Hugh Pickens writes "The NY Times reports that the Army began encouraging its personnel — from the privates to the generals — to go online and collaboratively rewrite seven of the field manuals that give instructions on all aspects of Army life, using the same software behind Wikipedia. The goal, say the officers behind the effort, is to tap more experience and advice from battle-tested soldiers rather than relying on the specialists within the Army's array of colleges and research centers, who have traditionally written the manuals. 'For a couple hundred years, the Army has been writing doctrine in a particular way, and for a couple months, we have been doing it online in this wiki,' said Col. Charles J. Burnett, the director of the Army's Battle Command Knowledge System. 'The only ones who could write doctrine were the select few.

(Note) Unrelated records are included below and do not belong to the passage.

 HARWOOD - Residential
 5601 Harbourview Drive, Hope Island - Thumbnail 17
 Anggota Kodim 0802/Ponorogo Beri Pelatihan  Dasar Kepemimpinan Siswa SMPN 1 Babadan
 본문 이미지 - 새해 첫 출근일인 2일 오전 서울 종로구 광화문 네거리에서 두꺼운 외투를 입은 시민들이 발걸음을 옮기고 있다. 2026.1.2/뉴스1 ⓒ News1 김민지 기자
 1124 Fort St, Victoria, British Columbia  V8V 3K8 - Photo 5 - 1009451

Now, imagine the challenge in accepting that anybody can go on the wiki and make a change — that is a big challenge, culturally.' Under the three-month pilot program, the current version of each guide can be edited by anyone around the world who has been issued an ID card that allows access to the Army Internet system. Reaction so far from the rank and file has been tepid, but the brass is optimistic; even in an open-source world, soldiers still know how to take an order."

9 of 143 comments (clear)

  1. This is a good idea by Darkness404 · · Score: 5, Insightful

    This is a good idea. Even though I haven't read any field manuals I have read numerous instruction booklets, documentation and books about programs and often times what the official documentation says and what you need to do are totally different. Many times even though the "official" way to do something is doable, it might be awkward or slow, and you can do an "unofficial" way and save time and get 95% or more of the same results. I expect that army field manuals are no different.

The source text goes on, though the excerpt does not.